-------- Data records --------

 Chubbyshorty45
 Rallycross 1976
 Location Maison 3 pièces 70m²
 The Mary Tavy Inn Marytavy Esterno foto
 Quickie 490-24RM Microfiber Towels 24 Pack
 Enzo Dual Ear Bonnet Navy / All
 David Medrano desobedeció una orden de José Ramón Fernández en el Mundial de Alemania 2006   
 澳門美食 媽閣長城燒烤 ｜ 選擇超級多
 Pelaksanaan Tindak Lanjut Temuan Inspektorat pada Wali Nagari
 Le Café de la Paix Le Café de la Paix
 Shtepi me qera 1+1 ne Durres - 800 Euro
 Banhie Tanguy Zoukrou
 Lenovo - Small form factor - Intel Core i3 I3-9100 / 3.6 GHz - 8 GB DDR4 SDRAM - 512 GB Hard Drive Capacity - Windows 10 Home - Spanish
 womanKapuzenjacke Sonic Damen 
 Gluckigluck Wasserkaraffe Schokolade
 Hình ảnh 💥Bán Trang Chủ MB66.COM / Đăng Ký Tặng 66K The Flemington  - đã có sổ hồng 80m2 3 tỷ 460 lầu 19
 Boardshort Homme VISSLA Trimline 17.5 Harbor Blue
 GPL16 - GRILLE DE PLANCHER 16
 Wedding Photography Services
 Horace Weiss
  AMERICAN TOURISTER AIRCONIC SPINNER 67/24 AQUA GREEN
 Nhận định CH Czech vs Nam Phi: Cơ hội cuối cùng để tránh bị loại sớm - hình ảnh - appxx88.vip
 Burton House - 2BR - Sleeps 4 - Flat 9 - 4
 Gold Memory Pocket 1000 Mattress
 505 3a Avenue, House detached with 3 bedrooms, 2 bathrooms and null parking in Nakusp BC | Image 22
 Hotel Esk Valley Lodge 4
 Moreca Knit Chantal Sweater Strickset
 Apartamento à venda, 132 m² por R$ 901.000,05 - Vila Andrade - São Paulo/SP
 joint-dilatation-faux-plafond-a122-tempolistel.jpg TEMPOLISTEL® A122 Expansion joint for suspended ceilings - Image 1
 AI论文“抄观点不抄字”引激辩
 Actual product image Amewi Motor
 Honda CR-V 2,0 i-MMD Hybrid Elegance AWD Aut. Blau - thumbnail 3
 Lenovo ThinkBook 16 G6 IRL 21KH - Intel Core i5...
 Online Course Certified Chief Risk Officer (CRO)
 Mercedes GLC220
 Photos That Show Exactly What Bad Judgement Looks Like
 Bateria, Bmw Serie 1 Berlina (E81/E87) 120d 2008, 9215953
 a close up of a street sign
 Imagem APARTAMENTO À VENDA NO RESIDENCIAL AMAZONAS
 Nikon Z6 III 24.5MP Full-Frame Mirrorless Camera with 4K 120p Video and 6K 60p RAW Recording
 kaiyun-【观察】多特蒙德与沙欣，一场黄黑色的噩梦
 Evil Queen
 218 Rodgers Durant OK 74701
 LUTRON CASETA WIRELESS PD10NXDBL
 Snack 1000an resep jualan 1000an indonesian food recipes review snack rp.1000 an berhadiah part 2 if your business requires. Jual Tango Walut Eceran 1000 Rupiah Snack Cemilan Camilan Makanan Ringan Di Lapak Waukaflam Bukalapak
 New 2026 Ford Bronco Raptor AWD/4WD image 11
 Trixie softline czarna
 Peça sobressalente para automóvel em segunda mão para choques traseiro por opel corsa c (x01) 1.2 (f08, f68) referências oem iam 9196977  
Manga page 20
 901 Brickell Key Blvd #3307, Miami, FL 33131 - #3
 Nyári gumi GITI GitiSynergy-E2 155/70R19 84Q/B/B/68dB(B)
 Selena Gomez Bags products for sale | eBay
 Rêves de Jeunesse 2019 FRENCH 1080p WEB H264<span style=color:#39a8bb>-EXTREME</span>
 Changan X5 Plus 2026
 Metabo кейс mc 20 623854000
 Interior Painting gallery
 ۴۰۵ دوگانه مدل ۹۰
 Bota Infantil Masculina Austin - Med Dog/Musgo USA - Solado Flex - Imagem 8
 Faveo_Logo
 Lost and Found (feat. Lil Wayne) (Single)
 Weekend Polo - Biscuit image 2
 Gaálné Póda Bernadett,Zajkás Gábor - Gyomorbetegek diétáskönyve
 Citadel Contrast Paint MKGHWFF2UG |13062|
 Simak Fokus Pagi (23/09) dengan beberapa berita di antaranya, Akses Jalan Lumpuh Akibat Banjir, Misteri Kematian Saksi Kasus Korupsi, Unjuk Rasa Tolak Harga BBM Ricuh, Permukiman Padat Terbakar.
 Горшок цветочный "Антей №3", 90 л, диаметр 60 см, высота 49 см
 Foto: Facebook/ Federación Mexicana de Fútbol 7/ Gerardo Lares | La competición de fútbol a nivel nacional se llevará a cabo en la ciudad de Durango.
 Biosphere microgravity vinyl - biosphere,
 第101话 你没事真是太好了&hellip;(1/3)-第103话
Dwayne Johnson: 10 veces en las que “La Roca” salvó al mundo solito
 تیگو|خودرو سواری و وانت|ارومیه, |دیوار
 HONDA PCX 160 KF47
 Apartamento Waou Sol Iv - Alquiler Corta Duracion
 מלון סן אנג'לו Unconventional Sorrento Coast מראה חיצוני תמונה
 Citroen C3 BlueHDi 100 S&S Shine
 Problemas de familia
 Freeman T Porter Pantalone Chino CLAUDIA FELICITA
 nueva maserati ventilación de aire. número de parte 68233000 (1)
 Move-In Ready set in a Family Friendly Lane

--------

[Activity]:
Print the data above exactly.

[Worked solution]:
 Chubbyshorty45
 Rallycross 1976
 Location Maison 3 pièces 70m²
 The Mary Tavy Inn Marytavy Esterno foto
 Quickie 490-24RM Microfiber Towels 24 Pack
 Enzo Dual Ear Bonnet Navy / All
 David Medrano desobedeció una orden de José Ramón Fernández en el Mundial de Alemania 2006   
 澳門美食 媽閣長城燒烤 ｜ 選擇超級多
 Pelaksanaan Tindak Lanjut Temuan Inspektorat pada Wali Nagari
 Le Café de la Paix Le Café de la Paix
 Shtepi me qera 1+1 ne Durres - 800 Euro
 Banhie Tanguy Zoukrou
 Lenovo - Small form factor - Intel Core i3 I3-9100 / 3.6 GHz - 8 GB DDR4 SDRAM - 512 GB Hard Drive Capacity - Windows 10 Home - Spanish
 womanKapuzenjacke Sonic Damen 
 Gluckigluck Wasserkaraffe Schokolade
 Hình ảnh 💥Bán Trang Chủ MB66.COM / Đăng Ký Tặng 66K The Flemington  - đã có sổ hồng 80m2 3 tỷ 460 lầu 19
 Boardshort Homme VISSLA Trimline 17.5 Harbor Blue
 GPL16 - GRILLE DE PLANCHER 16
 Wedding Photography Services
 Horace Weiss
  AMERICAN TOURISTER AIRCONIC SPINNER 67/24 AQUA GREEN
 Nhận định CH Czech vs Nam Phi: Cơ hội cuối cùng để tránh bị loại sớm - hình ảnh - appxx88.vip
 Burton House - 2BR - Sleeps 4 - Flat 9 - 4
 Gold Memory Pocket 1000 Mattress
 505 3a Avenue, House detached with 3 bedrooms, 2 bathrooms and null parking in Nakusp BC | Image 22
 Hotel Esk Valley Lodge 4
 Moreca Knit Chantal Sweater Strickset
 Apartamento à venda, 132 m² por R$ 901.000,05 - Vila Andrade - São Paulo/SP
 joint-dilatation-faux-plafond-a122-tempolistel.jpg TEMPOLISTEL® A122 Expansion joint for suspended ceilings - Image 1
 AI论文“抄观点不抄字”引激辩
 Actual product image Amewi Motor
 Honda CR-V 2,0 i-MMD Hybrid Elegance AWD Aut. Blau - thumbnail 3
 Lenovo ThinkBook 16 G6 IRL 21KH - Intel Core i5...
 Online Course Certified Chief Risk Officer (CRO)
 Mercedes GLC220
 Photos That Show Exactly What Bad Judgement Looks Like
 Bateria, Bmw Serie 1 Berlina (E81/E87) 120d 2008, 9215953
 a close up of a street sign
 Imagem APARTAMENTO À VENDA NO RESIDENCIAL AMAZONAS
 Nikon Z6 III 24.5MP Full-Frame Mirrorless Camera with 4K 120p Video and 6K 60p RAW Recording
 kaiyun-【观察】多特蒙德与沙欣，一场黄黑色的噩梦
 Evil Queen
 218 Rodgers Durant OK 74701
 LUTRON CASETA WIRELESS PD10NXDBL
 Snack 1000an resep jualan 1000an indonesian food recipes review snack rp.1000 an berhadiah part 2 if your business requires. Jual Tango Walut Eceran 1000 Rupiah Snack Cemilan Camilan Makanan Ringan Di Lapak Waukaflam Bukalapak
 New 2026 Ford Bronco Raptor AWD/4WD image 11
 Trixie softline czarna
 Peça sobressalente para automóvel em segunda mão para choques traseiro por opel corsa c (x01) 1.2 (f08, f68) referências oem iam 9196977  
Manga page 20
 901 Brickell Key Blvd #3307, Miami, FL 33131 - #3
 Nyári gumi GITI GitiSynergy-E2 155/70R19 84Q/B/B/68dB(B)
 Selena Gomez Bags products for sale | eBay
 Rêves de Jeunesse 2019 FRENCH 1080p WEB H264<span style=color:#39a8bb>-EXTREME</span>
 Changan X5 Plus 2026
 Metabo кейс mc 20 623854000
 Interior Painting gallery
 ۴۰۵ دوگانه مدل ۹۰
 Bota Infantil Masculina Austin - Med Dog/Musgo USA - Solado Flex - Imagem 8
 Faveo_Logo
 Lost and Found (feat. Lil Wayne) (Single)
 Weekend Polo - Biscuit image 2
 Gaálné Póda Bernadett,Zajkás Gábor - Gyomorbetegek diétáskönyve
 Citadel Contrast Paint MKGHWFF2UG |13062|
 Simak Fokus Pagi (23/09) dengan beberapa berita di antaranya, Akses Jalan Lumpuh Akibat Banjir, Misteri Kematian Saksi Kasus Korupsi, Unjuk Rasa Tolak Harga BBM Ricuh, Permukiman Padat Terbakar.
 Горшок цветочный "Антей №3", 90 л, диаметр 60 см, высота 49 см
 Foto: Facebook/ Federación Mexicana de Fútbol 7/ Gerardo Lares | La competición de fútbol a nivel nacional se llevará a cabo en la ciudad de Durango.
 Biosphere microgravity vinyl - biosphere,
 第101话 你没事真是太好了&hellip;(1/3)-第103话
Dwayne Johnson: 10 veces en las que “La Roca” salvó al mundo solito
 تیگو|خودرو سواری و وانت|ارومیه, |دیوار
 HONDA PCX 160 KF47
 Apartamento Waou Sol Iv - Alquiler Corta Duracion
 מלון סן אנג'לו Unconventional Sorrento Coast מראה חיצוני תמונה
 Citroen C3 BlueHDi 100 S&S Shine
 Problemas de familia
 Freeman T Porter Pantalone Chino CLAUDIA FELICITA
 nueva maserati ventilación de aire. número de parte 68233000 (1)
 Move-In Ready set in a Family Friendly Lane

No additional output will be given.